Jacob - yes I know what you mean re silk purse out of sow's ear - these door casings are new and quite honestly they've been murder to paint and prep. I've rubbed down, applied knotting soln., primed twice with a rubbing in between and applied three coats of satin - again with a rub down and they still look - to me - new and awful. I painted the new staircase in L&G and the finish is beautiful and almost effortless. However, when I painted the first casing in this it looked as though it was just undercoated so I went with a satin. I used a good quality brush and paint but it seems as though the finish is not even and patchy. 
Old paintwork can be rubbed down and you get a good finish for your effort - heaven knows how long I'll have to wait for this paintwork to "age".


----------



## ED65 (30 Dec 2017)

PattyMac":2ucb5n8t said:


> I've rubbed down, applied knotting soln., primed twice with a rubbing in between and applied three coats of satin - again with a rub down and they still look - to me - new and awful.


To me that sounds like the paint was awful (unless it was not mixed thoroughly or had gone off). While most paints should not be expected to give solid coverage with a single coat, any halfway decent paint should give a complete 'fully painted' look after the third coat is on _even without primer applied first_. 

Just for a point of comparison the cheapest paint I can buy will cover well in three coats, the first two thinned to a milky consistency and only the third coat at full strength. Anything at all decent when used undiluted should cover at least as good as this.


----------



## PattyMac (30 Dec 2017)

ED65 - the paint was a Dulux SatinWood Quick Dry - bought new and stirred well. Personally I think it's the wood - it just seemed as though the grain wouldn't cover and kept showing through - if that doesn't sound stupid. I have just put it down to the wood - yes, it was pine but from a local supplier and supplied as bog standard "architrave" (spelling probably wrong!).
We also bought three new doors which have 15 small bevelled panes in them which I had to do from raw wood (think this was hardwood). Again, using the same paint I had to apply two coats of primer and three coats of gloss. They do look well but a heck of a lot of work - painted them flat on my big dining table. One thing - these doors had the plastic on the front of the glass and were much easier to paint than the same ones we'd had many years ago - just have to be careful slicing the plastic off afterwards. 
We got the white skirting board (is it MDF?) and again I wouldn't recommend - I thought I wouldn't need to undercoat it but as it needed rubbing down the finish came off and I had to undercoat it. 
We've come to the end of the project at home which was a kitchen knocked through to the dining area, new staircase and a shower room downstairs - back to France in the Spring.
As you've probably guessed .....the decorating is left to me - keeps me busy and other half does the building etc. - definitely no patience...!!
Perhaps I just like to see a completely smooth finish like we have on the other paintwork in the house which has been done a few years - is this the case??


----------



## Jacob (30 Dec 2017)

You can't blame the wood if the paint is cr&p.

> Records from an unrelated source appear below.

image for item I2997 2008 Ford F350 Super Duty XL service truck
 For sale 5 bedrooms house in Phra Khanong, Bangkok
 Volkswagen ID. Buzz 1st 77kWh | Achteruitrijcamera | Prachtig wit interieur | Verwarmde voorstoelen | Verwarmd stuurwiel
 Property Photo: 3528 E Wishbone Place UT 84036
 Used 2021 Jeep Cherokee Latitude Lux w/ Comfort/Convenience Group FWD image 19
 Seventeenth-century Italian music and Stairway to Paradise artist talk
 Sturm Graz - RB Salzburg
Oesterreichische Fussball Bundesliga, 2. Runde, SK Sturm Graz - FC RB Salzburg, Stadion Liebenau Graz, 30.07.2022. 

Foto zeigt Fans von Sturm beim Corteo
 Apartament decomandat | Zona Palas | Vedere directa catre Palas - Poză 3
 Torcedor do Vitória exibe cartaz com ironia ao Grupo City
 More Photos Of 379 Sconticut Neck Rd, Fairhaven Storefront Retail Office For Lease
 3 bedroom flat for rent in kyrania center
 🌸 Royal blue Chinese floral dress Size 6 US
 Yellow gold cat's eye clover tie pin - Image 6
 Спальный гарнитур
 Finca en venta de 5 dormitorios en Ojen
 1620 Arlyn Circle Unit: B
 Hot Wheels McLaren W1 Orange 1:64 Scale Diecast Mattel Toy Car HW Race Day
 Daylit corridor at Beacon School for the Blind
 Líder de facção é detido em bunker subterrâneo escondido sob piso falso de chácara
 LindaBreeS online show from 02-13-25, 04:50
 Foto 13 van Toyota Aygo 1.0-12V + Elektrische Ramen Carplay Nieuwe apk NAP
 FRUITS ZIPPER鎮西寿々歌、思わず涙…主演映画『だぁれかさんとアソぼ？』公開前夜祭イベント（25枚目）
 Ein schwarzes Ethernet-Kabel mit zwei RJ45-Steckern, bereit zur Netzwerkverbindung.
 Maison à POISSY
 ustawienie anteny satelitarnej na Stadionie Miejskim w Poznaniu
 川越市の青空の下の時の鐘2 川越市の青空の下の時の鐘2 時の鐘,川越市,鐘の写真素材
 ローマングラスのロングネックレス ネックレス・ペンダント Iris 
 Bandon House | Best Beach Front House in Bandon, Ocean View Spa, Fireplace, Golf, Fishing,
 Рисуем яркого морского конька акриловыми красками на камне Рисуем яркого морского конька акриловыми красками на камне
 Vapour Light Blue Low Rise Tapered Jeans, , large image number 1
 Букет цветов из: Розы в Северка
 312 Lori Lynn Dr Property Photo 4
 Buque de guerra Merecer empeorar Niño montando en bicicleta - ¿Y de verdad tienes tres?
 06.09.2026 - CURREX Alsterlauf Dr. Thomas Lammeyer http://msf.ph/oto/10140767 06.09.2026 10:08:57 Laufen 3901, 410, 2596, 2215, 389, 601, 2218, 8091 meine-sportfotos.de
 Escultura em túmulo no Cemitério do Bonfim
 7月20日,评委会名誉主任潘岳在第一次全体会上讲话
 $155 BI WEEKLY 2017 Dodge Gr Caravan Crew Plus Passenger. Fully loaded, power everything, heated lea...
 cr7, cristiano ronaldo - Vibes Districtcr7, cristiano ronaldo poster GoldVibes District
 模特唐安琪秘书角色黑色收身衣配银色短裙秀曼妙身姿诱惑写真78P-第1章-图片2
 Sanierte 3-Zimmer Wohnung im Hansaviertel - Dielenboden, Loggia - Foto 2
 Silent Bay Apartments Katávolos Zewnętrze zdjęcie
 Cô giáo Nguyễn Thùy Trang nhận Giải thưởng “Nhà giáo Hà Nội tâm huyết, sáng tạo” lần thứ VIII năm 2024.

Linseed oil paint will cover almost anything in two coats. No primer (though you can use linseed oil itself), no thinners, easy clean up of brushes, no waste, lasts much longer than Dulux and all modern cr&p paints.


----------



## PattyMac (30 Dec 2017)

Jacob,
If it's oil does it yellow more quickly? Also, I thought oil-based paints needed turps to clean brushes after??


----------



## Jacob (30 Dec 2017)

PattyMac":3bquwaeo said:


> Jacob,
> If it's oil does it yellow more quickly? Also, I thought oil-based paints needed turps to clean brushes after??


You can buy linseed oil paints in as fine non yellowing quality as you want - it's what artists use traditionally, but the best is pricey.
You don't clean the brushes you suspend them in oil (jam jar, hole in lid, clothes peg) until the next time. It doesn't dry like solvent paints and they stay in good nick for a long time.
Lost of threads about it recently - have a search.


----------